Congresswoman Jackie Speier introduced the Intimate Privacy Protection Act to Congress today, taking a hard stance against the immoral practice of sharing sexually explicit images without proper consent.

“Technology today makes it possible to destroy a person’s life with the click of a button or a tap on a cell phone. That is all anyone needs to broadcast another person’s private images without their consent,” Speier said in a statement. “The damage caused by these attacks can crush careers, tear apart families, and, in the worst cases, has led to suicide.”

IPPA would make it illegal to share those images without the consent of their subjects, whether that takes the form of revenge porn shared after a breakup, the release of nude celebrity photos, or the distribution of sexually explicit images of people in nursing homes, to name a few scenarios that are covered by the bill. IPPA has drawn support from both political parties; victims rights organizations; and technology companies like Facebook and Twitter, both of which have banned revenge porn from their respective platforms.

Until now, revenge porn has existed in a curious state of semi-legality, without any unifying federal legislation covering what is clearly a criminal act. Some 34 states have already introduced similar laws, but IPPA is supposed to unify these rules and make it so anyone in the U.S. has legal backing in their fight to protect their privacy.
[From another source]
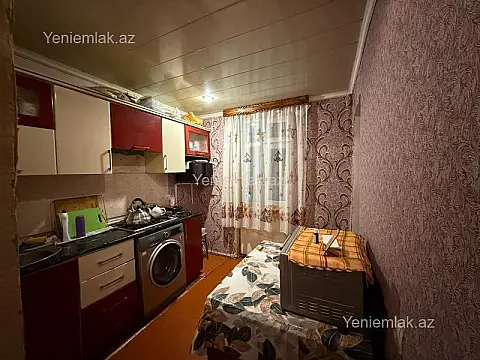 Satılır 3 otaqlı köhnə tikili 56 m²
That’s a much better solution than requiring women to copyright their breasts — which in itself is an invasion of privacy that requires sending a nude photo to the U.S. Copyright Office — so they can force revenge porn sites to remove images that they never expected to be shared with the general public by someone they had trusted.
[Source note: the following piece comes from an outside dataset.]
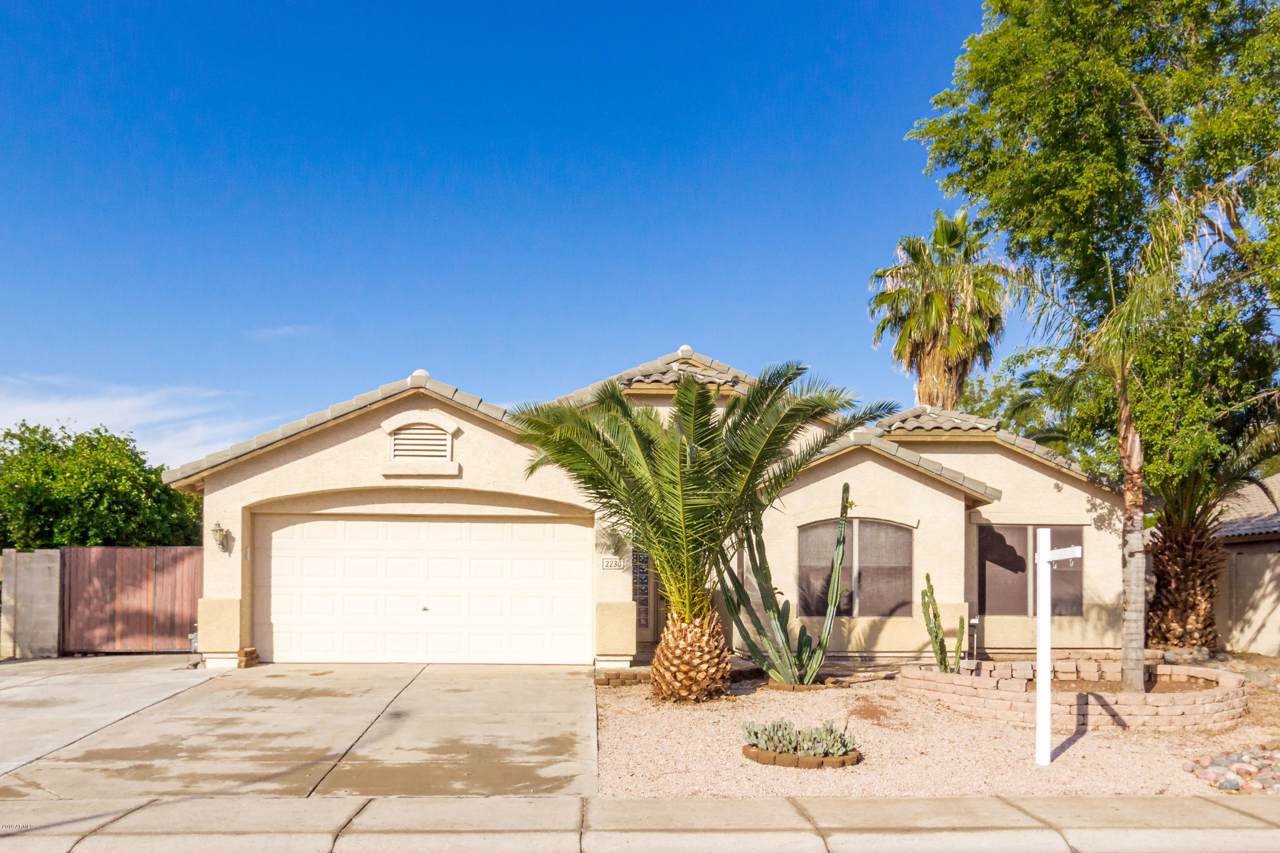 2230 Fairview Street - Photo 1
“Celebrities and other high profile victims might be able take on these predators in civil courts, but the average person can’t afford that option,” Speier said in her statement. “Even more disturbing is the number of victims who have mustered the courage and strength to pursue criminal charges, only to learn there is no law that protects them. My bill will fix that appalling legal failure.”

IPPA will also provide safe havens for people who worry that banning the publication of sexually explicit images could violate freedom of speech. The bill “contains explicit statutory protections for First Amendment rights” and was written so that the “disclosure of private information that is public, voluntary or in the bona fide public interest would not be criminalized,” according to Speier’s announcement.

All told, the IPPA sounds like a compromise anyone can get behind — and, based on its bipartisan support as well as backing from other important organizations like the National Organization for Women, many people already have. It probably won’t stop people from sharing revenge porn, but it should at least give them pause, and give their victims the ability to retake their privacy through the courts.